Levies are funding packages that provide a percentage of Issaquah School District’s operating budget. The state pays for “basic education” but does not cover all expenditures. Local voters are asked to renew ballot measures every 4 years to ensure funding for all programs with a portion of their property taxes.
Levy dollars flow directly into the classroom, providing funding for program enhancements and supplementing the state’s minimum basic education allocation. The current Issaquah School District levies expire on December 31, 2022. To continue to fund the programs we now have in our schools, the renewal levy will need to be approved by voters sometime in 2022.
Levies require a 50% + 1 majority vote to pass.
Levies support our local students!
The Educational Programs & Operations (EP&O) Levy pays for educational programs and supports such as mental health counselors, nurses, security staff, and classroom supports.
The Transportation Levy replaces old buses with new, more efficient models that align with the state’s safety standards and replacement cycle. Fuel savings and lower maintenance costs mean more dollars go into the classroom.

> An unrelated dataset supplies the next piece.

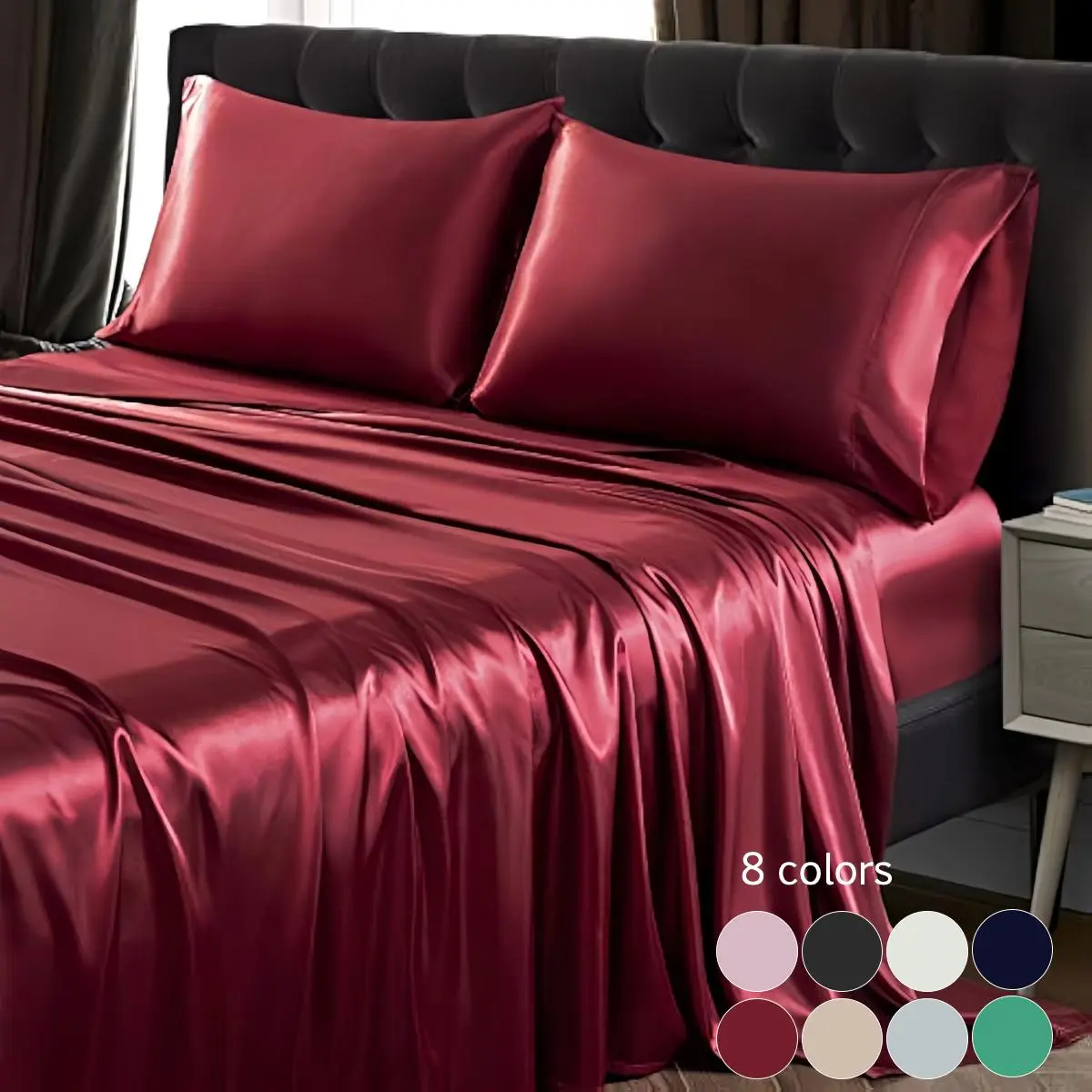 Solid Color Satin Bedding Set, 3pcs/4pcs Set (1 Flat Sheet, 1 Fitted Sheet and 1 or 2 Pillowcases, No Filler Included), Soft Satin Mattress Protector, Silky Cooling Bedsheets, Room Accessories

The Technology & Critical Repairs Capital Levy provides funding for educational technology and critical repairs for infrastructure, including hardware and software and services not fully funded by the State. For critical repairs, the capital levy includes maintenance of heating and cooling systems, safety and security upgrades, and portable classroom space.
What is the levy rate?
A levy rate is the amount of property tax that voters approve to be assessed for every $1,000 of property value. A levy rate of $1.00 means that for every $1,000 of property value, the owner of the property will pay $1.00 in taxes. For example, if a homeowner’s house is valued at $800,000 and the voters pass a levy at a $1.00 levy rate, the homeowner will pay $800.00 annually in property taxes. Since levies are a fixed dollar amount, if a homeowner’s assessed valuation increases more than the average, his/her levy rate will decrease.
What is a Bond?
Washington does not fund regular building or maintenance of public schools. Instead, local voters approve school bonds. Similar to a mortgage, bonds are paid for over about 20 years, helping to keep costs lower for taxpayers. State law mandates that bond dollars be used only for building and maintenance, not classroom operations; careful bond planning, however, is one critical way districts preserve classroom funds. For instance, if a school boiler fails, the replacement is at least $500,000, equivalent to six teaching positions. If no bond funds are available, classroom operations dollars must be used instead.